## PROBLEM
Transcribe the listing below in full, exactly, with no images.

## COLLECTED MATERIAL

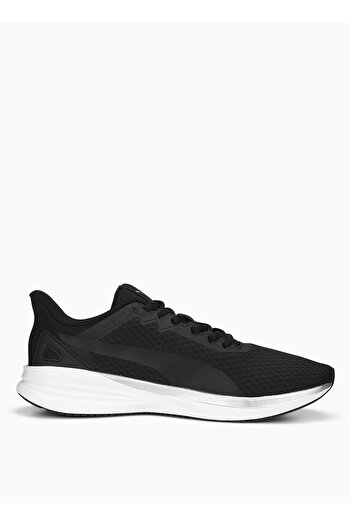 Puma 37801601 Transport Modern Fresh Pum Black Women's Running Shoes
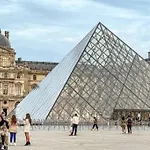 Opera Garnier * פריז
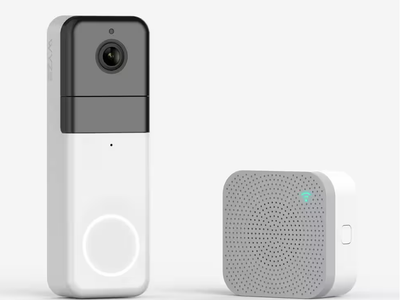 NEW Wyze Wireless Video Doorbell Camera Chime Pro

## ANSWER FOR THE TASK
 Puma 37801601 Transport Modern Fresh Pum Black Women's Running Shoes
 Opera Garnier * פריז
 NEW Wyze Wireless Video Doorbell Camera Chime Pro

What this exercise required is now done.